More from Greater Britain, A record of travel in English-speaking Countries during 1866 and 1867, by Sir Charles W. Dilke, published 1870. He talks about the Vigilance Committee that started in San Francisco, due to a lack of adequate policing and scant law and order in general. This resulted in a horrific situation…

Mr Dilke writes: The very night of their organization…the work of the Committee began.
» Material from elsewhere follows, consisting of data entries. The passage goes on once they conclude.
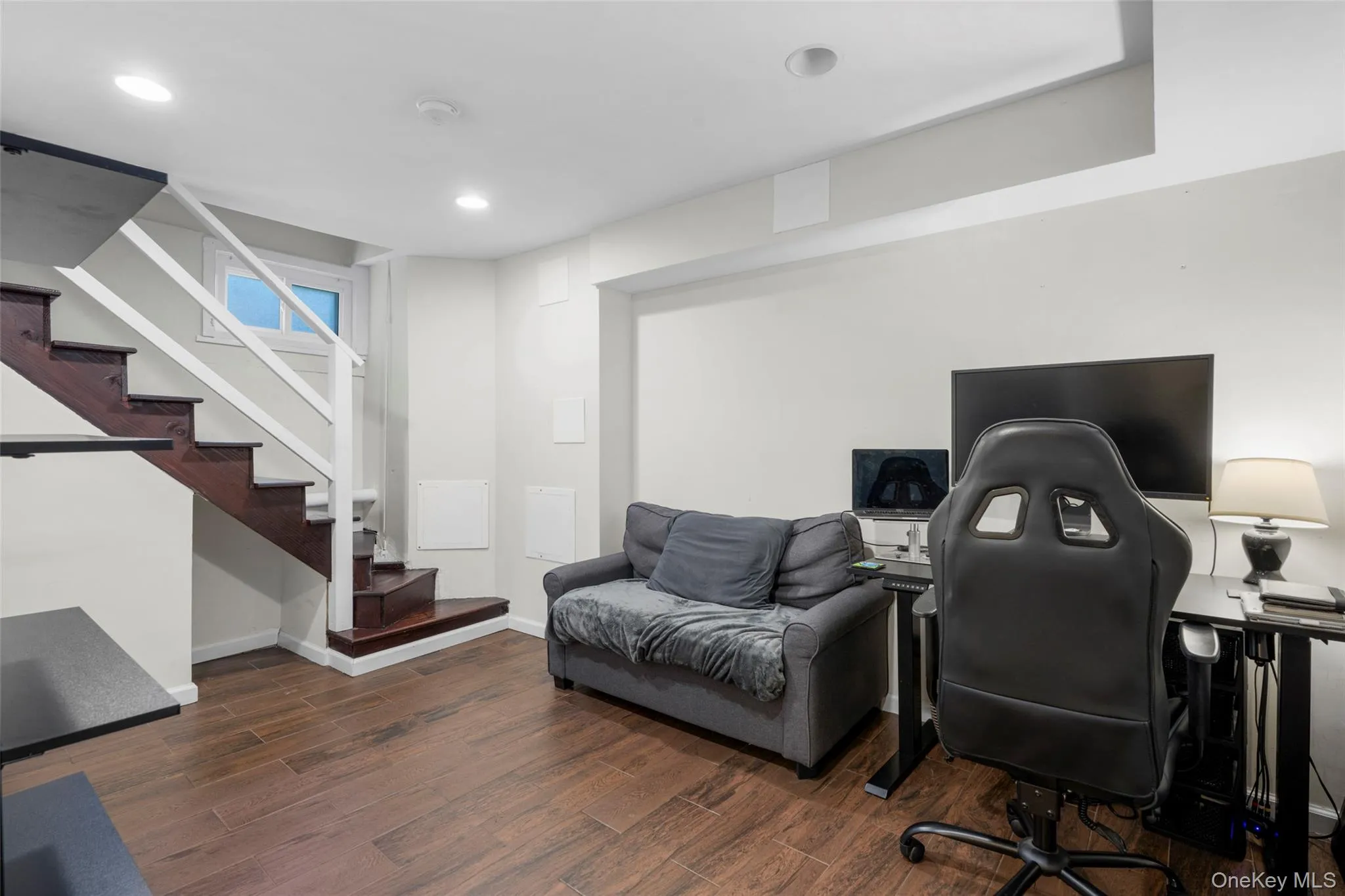 315 Maple Avenue, Mamaroneck, NY, 4 Bedrooms Bedrooms, 8 Rooms Rooms,3 BathroomsBathrooms,Residential Lease,For Rent,Maple,0,KEY1018255 315 Maple Avenue, Mamaroneck, NY, 4 Bedrooms Bedrooms, 8 Rooms Rooms,3 BathroomsBathrooms,Residential Lease,For Rent,Maple,0,KEY1018255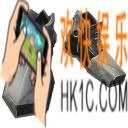 方舟生存进化手游泰克鞋子怎么用 泰克鞋子解锁方法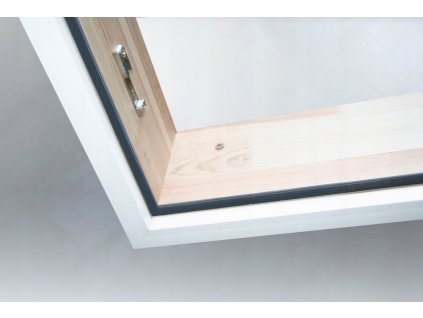 kamufláž Popruh na rebrík OMÁN 140x85 - biela_0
He said some boatmen at Central Wharf saw something which led them to follow a man out into Yerba Buena Cove. They captured him “after a sharp row”. A Sydney convict, Jenkins, had on board a safe stolen from a bank. He threw it overboard but the safe was recovered from the water. He was carried off to the committee-room of the Vigilants. The chief of police arrived around one a.m. but he and his men were rebuffed with a show of revolvers. After a trial of sorts, the man was hanged.

Mr Dilke writes: In July, 1851, the Committee hanged another man on the Market-street wharf, and appointed a sub-committee of thirty to board every ship that crossed the bar, seize all persons suspected of being “Sydney Coves”, and re-ship them to New South Wales.

He continues: In August came the great struggle between the Vigilants and constituted authority. It was sharp and decisive. Whittaker and McKenzie, two Sydney Coves, were arrested by the Committee for various crimes, and sentenced to death. The next day, Sheriff Hayes seized them on a writ of habeas corpus, in the rooms of the Committee. The bell was tolled; the citizens assembled, the Vigilants told their story, the men were seized once more, and by noon they were hanging from the loft of the committee-house, by the ordinary lifting tackle for heavy goods. Fifteen thousand people were present and approved.

Apparently “by September, the Vigilants had transported all the “Coves” on whom they could lay their hands”. The vigilantes wound down their interest in the Australian ex-convicts.

-see Greater Britain: A record of travel in English-speaking Countries during 1866 and 1867, by Sir Charles Wentworth Dilke, Macmillan, 1870.